02.04 – Related Entities

For FATCA, an entity is regarded as being related to another entity if one entity controls the other or the two entities are under common control the “related entity group.”

For this purpose, control is taken as including the direct or indirect ownership of more than 50 percent of the vote and value in an entity.

An entity that is a member of a related entity group will not be a Financial Institution if-

  • The entity does not maintain Financial Accounts (other than accounts maintained for members of its related entity group);
  • The entity does not hold an account with or receive U.S. source withholdable payments from any withholding agent other than a member of its related entity group;
  • The entity does not make U.S. source withholdable payments to any person other than to members of its related entity group that are not limited FIs or limited branches; and
  • The entity has not agreed to undertake reporting as a Sponsoring Entity or otherwise act as an agent regarding the Agreement on behalf of any Financial Institution, including a member of its related entity group.
    Related Entities are relevant in the context of the obligations placed on UK Financial Institutions, in respect of any related entities that are Non-Participating Financial Institutions (NPFI).

Where a UK Financial Institution has any Related Entities that, as a result of the jurisdictions they operate in, are unable to comply with FATCA, then the UK Financial Institution must treat the related entity as an NPFI and fulfil obligations in respect of that NPFI as set out in Article 4 of the Agreement. Further guidance on these obligations is set out in more detail at Section 9.4.

Exemption for Investment Entities

Investment Entities that have received seed capital from a member of a group to which the Investment Entity belongs will not be considered a Related Entity for the purposes of the Agreement.

In general a seed capital investment is an initial capital contribution (that is intended as a temporary investment), made to an Investment Entity.
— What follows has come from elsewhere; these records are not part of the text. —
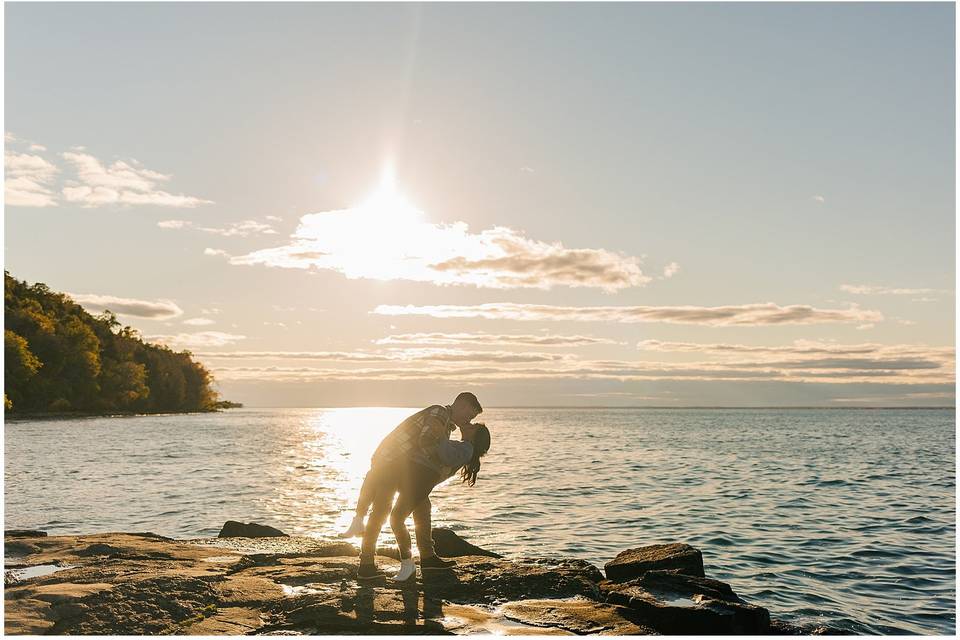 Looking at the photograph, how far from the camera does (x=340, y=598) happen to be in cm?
940

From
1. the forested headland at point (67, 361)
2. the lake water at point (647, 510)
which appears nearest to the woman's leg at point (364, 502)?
the lake water at point (647, 510)

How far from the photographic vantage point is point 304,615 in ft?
28.8

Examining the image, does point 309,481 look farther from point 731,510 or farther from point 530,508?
point 731,510

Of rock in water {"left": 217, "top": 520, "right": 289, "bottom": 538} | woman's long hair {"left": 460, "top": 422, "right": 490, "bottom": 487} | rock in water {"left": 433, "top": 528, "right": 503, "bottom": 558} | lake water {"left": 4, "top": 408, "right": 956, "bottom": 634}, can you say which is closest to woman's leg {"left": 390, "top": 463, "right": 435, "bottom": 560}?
woman's long hair {"left": 460, "top": 422, "right": 490, "bottom": 487}

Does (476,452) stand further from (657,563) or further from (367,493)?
(657,563)

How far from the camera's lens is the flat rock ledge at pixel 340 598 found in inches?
334

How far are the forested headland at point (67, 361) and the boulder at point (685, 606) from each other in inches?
2897

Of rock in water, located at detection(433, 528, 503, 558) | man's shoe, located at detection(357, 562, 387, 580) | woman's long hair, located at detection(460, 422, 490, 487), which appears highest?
woman's long hair, located at detection(460, 422, 490, 487)

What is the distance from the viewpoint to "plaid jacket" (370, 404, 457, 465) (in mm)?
10016

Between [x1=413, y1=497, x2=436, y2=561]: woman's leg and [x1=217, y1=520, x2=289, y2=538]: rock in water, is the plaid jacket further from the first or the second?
[x1=217, y1=520, x2=289, y2=538]: rock in water

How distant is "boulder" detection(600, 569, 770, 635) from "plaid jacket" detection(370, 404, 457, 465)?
3243 millimetres

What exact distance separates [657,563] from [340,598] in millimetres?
5532

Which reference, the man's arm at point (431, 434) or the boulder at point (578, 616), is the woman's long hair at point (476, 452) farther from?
the boulder at point (578, 616)

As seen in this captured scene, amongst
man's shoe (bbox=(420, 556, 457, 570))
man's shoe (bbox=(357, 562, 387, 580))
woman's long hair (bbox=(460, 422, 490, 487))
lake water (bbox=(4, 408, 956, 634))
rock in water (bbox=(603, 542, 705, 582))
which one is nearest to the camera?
man's shoe (bbox=(357, 562, 387, 580)) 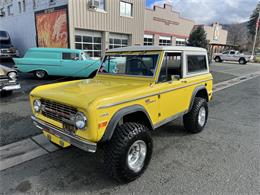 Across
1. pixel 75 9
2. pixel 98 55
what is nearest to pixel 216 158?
pixel 75 9

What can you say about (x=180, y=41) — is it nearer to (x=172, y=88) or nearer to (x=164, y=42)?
(x=164, y=42)

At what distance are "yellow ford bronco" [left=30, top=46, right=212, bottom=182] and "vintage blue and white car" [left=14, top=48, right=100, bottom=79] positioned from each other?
21.3 ft

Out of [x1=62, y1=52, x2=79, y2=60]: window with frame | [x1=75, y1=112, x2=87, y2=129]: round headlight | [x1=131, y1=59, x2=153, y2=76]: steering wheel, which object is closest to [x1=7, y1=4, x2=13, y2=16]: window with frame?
[x1=62, y1=52, x2=79, y2=60]: window with frame

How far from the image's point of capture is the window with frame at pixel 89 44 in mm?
14634

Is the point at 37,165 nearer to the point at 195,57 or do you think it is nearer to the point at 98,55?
the point at 195,57

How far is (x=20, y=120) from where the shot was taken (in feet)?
16.2

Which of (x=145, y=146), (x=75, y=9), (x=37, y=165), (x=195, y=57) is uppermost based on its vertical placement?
(x=75, y=9)

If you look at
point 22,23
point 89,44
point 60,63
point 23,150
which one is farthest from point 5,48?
point 23,150

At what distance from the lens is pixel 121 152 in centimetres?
252

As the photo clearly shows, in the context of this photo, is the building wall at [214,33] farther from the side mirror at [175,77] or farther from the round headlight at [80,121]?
the round headlight at [80,121]

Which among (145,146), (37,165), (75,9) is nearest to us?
(145,146)

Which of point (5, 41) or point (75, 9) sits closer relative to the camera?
point (75, 9)

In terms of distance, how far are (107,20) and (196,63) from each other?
12905 mm

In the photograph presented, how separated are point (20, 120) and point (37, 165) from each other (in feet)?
7.43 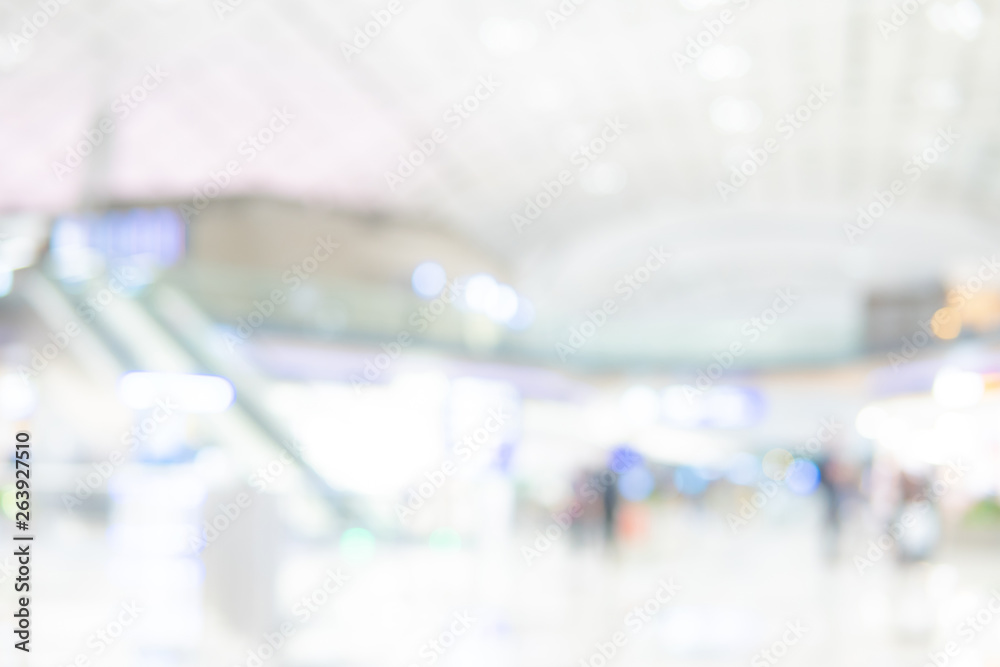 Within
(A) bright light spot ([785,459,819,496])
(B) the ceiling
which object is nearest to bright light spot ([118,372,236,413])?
(B) the ceiling

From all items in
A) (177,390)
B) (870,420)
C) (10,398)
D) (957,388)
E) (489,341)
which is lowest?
(177,390)

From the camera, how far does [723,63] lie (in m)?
25.0

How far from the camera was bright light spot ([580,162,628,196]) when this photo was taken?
35.6m

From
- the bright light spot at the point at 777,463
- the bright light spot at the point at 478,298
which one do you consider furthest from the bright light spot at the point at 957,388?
the bright light spot at the point at 478,298

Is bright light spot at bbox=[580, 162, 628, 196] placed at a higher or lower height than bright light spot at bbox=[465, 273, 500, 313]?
higher

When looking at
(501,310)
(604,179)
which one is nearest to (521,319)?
(501,310)

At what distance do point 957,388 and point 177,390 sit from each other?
18036 millimetres

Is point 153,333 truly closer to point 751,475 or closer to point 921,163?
point 751,475

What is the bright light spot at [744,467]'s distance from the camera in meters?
33.6

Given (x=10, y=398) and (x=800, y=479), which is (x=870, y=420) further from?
(x=10, y=398)

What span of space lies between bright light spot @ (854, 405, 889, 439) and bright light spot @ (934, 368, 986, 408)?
359cm

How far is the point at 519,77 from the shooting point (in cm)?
2575

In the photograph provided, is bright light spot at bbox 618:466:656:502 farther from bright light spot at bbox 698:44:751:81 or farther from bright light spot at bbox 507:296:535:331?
bright light spot at bbox 698:44:751:81

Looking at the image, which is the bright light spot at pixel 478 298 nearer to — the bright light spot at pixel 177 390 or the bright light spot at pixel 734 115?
the bright light spot at pixel 734 115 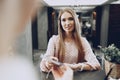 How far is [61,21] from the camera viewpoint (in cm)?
221

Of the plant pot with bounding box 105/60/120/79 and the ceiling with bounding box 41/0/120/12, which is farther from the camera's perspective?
the plant pot with bounding box 105/60/120/79

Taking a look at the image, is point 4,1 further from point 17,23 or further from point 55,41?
point 55,41

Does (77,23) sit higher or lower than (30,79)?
higher

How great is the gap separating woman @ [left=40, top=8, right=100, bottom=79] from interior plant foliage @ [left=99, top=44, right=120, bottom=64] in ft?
0.45

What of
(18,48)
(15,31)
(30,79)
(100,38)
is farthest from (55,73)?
(15,31)

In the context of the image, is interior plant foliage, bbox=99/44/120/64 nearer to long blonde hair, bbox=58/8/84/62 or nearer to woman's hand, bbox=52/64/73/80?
long blonde hair, bbox=58/8/84/62

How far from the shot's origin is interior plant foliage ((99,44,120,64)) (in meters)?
2.27

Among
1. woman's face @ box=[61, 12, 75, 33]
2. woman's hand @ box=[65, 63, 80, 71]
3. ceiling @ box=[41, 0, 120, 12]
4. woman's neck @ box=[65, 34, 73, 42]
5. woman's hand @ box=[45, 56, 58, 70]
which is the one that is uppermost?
ceiling @ box=[41, 0, 120, 12]

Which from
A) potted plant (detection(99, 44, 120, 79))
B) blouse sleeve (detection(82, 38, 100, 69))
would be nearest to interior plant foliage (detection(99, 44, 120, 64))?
potted plant (detection(99, 44, 120, 79))

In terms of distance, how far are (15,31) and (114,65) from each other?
2.20 m

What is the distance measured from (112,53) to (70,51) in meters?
0.50

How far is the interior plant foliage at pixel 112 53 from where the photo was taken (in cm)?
227

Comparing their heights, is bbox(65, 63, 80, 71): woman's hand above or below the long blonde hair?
below

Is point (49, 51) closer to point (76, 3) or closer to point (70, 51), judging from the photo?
point (70, 51) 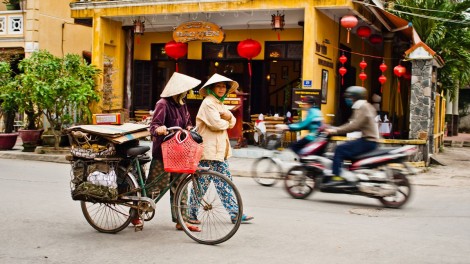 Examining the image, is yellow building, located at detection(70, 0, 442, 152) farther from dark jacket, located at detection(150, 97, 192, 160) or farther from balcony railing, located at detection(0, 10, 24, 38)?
dark jacket, located at detection(150, 97, 192, 160)

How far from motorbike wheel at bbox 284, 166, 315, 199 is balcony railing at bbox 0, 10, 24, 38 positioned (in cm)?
1686

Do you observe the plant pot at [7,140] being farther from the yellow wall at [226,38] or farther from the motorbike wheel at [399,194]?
the motorbike wheel at [399,194]

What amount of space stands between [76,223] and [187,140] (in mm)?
2125

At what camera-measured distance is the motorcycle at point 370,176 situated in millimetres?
8836

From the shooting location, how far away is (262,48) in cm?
1861

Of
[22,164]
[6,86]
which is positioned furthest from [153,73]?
[22,164]

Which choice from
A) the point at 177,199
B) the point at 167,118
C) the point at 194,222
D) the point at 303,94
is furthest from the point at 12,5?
the point at 177,199

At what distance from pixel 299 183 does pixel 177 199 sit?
3942 mm

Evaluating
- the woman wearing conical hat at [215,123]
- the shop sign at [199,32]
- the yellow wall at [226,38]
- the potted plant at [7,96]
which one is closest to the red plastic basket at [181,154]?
the woman wearing conical hat at [215,123]

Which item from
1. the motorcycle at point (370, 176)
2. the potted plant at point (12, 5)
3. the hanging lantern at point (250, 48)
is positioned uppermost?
the potted plant at point (12, 5)

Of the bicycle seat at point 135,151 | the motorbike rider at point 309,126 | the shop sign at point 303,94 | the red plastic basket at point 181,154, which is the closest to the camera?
the red plastic basket at point 181,154

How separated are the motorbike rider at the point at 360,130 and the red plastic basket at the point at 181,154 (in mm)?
3734

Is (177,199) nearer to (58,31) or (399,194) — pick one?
(399,194)

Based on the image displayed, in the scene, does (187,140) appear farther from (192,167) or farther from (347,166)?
(347,166) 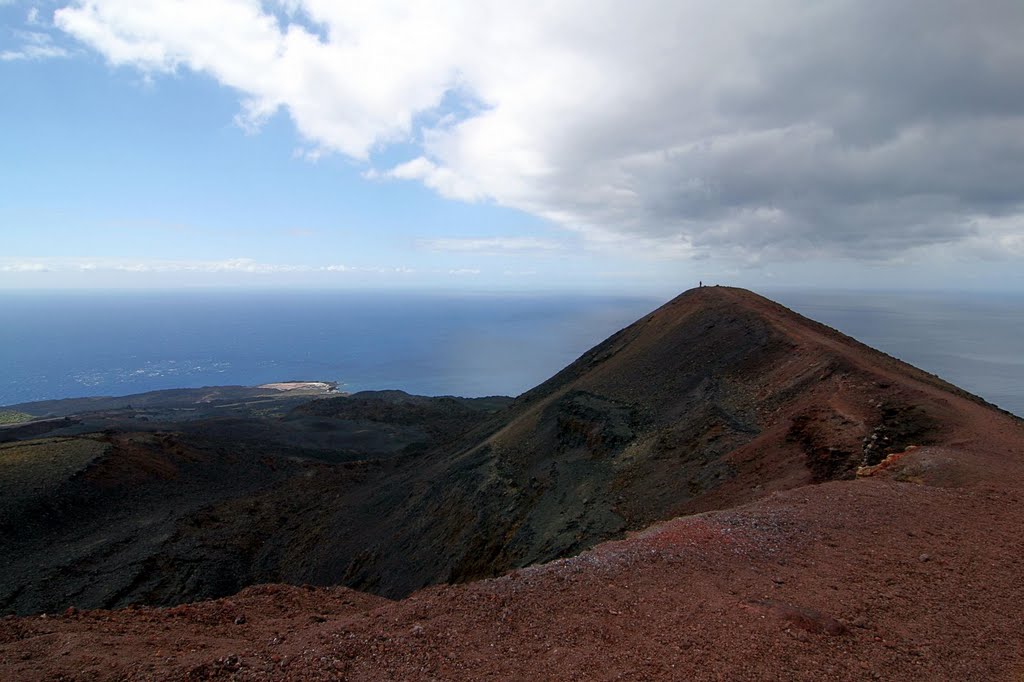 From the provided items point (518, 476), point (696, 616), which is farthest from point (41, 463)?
point (696, 616)

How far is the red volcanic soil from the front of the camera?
19.8ft

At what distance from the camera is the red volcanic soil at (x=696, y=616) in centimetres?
604

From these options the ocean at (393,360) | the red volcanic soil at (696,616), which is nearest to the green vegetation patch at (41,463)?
the red volcanic soil at (696,616)

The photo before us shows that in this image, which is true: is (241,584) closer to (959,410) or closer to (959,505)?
(959,505)

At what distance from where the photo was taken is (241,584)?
2120 centimetres

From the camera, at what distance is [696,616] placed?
22.4ft

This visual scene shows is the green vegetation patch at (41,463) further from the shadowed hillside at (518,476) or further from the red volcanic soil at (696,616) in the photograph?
the red volcanic soil at (696,616)

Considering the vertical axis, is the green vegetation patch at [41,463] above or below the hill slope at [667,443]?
below

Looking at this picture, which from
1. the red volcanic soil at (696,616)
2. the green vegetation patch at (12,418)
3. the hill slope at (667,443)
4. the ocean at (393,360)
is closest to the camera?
the red volcanic soil at (696,616)

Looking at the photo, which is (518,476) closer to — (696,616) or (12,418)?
(696,616)

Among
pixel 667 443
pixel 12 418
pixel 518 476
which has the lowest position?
pixel 12 418

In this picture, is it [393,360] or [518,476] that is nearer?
[518,476]

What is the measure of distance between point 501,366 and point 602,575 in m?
135

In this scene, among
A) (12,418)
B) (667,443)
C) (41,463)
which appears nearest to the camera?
(667,443)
This will generally be for the purposes of establishing a performance record before selling interests in the entity to unrelated investors, or for purposes otherwise deemed appropriate by the manager.

Specifically, an Investment Entity will not be considered a Related Entity as a result of a contribution of seed capital by a member of the group if:

  • the member of the group that provides the seed capital is in the business of providing seed capital to Investment Entities that it intends to sell to unrelated investors;
  • the Investment Entity is created in the course of its business;
  • any equity interest more than 50% of the total value of stock of the Investment Entity is intended to be held for no more than three years from the date of acquisition; and
  • in the case of an equity interest that has been held for over three years, its value is less than 50% of the total value of the stock of the Investment Entity.